Bu faaliyetler ‘90’lı yıllardan itibaren Munzur Koleji gibi Fetullah Gülen cemaatinin okulları ve dershaneleriyle, çok daha sinsi bir şekilde sistematik hale getiriliyordu. Bugün ise Üniversite, ve Ensar Vakfı üzerinden yürütülmektedir. Cemevi ise kuşatılıp teslim alınarak, farklı bir kulvardan bu güçlerin yedeğine düşürülmüştür.

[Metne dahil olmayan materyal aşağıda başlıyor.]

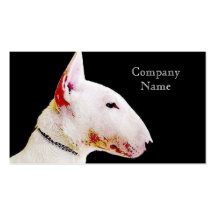 Bull Terrier business cards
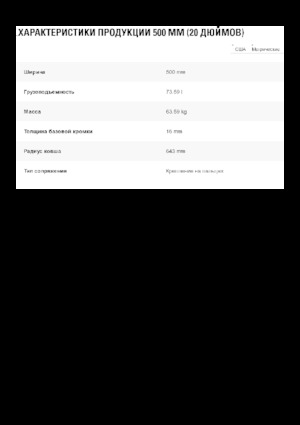Excavator buckets Caterpillar 500 MM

Diğer yandan ‘90’lı yıllardan itibaren dil, kimlik ve inanç konusunda küçümsenemez bir farkındalık ve bilinçlenme oluştu. Bir kimlik hareketi olarak gelişen Özgürlük Hareketi yalnızca Kürt halkının değil, inkar edilerek baskı altına alınan tüm kimliklerin üzerindeki çelikten zırhı parçaladı. Kürt, Türkmen, Arap her kesimden Alevi toplumunun Cem Evleri etrafında örgütlenmeleri de, bu süreçteki gelişmelerin ürünüdür. Yine, geçmişte sol sosyalist hareketler içinde bulunmuş azımsanmayacak bir kesim bu süreçle birlikte bir farkındalık yaşamaya başlamış, farklı biçimlerde kimlik çalışmalarına yönelmiştir.
Ancak Kürdistan’da bir kültürel havza olan Dersim açısından kimlik ve kültür konusundaki bilinçlenme, pratikte gerekli karşılığı üretememiştir. Bu gün Dersim toplumu gerçek manada bir diaspora toplumuna dönüşerek, kendi anakarasından kopmuştur. Çok değil, artık elli yıl evvel ki sosyal ve kültürel yapıdan bile bahsetmek, mümkün değildir. Bu yakıcı gerçekliğe kafa yormak, ortaklaşa çözümler üretmek, tüm Dersimlilerin temel önceliği olmak zorunda. Dersim adına faaliyet yürüten onlarca dernek, vakıf, STÖ’nün en kısa zamanda ortak bir konferansla bir çatı örgü oluşturmaları, yaşamsal önemdedir. Gittikçe ağırlaşan, kadim kültürel kimliğiyle varlık-yokluk sorunuyla yüz yüze gelen Dersim sorunu, hiç bir siyasi çevrenin tek başına altından kalkamayacağı kadar ağır ve yakıcıdır. En önemlisi de sorunun siyasetler üstü ele alınması kaçınılmaz bir durumdur.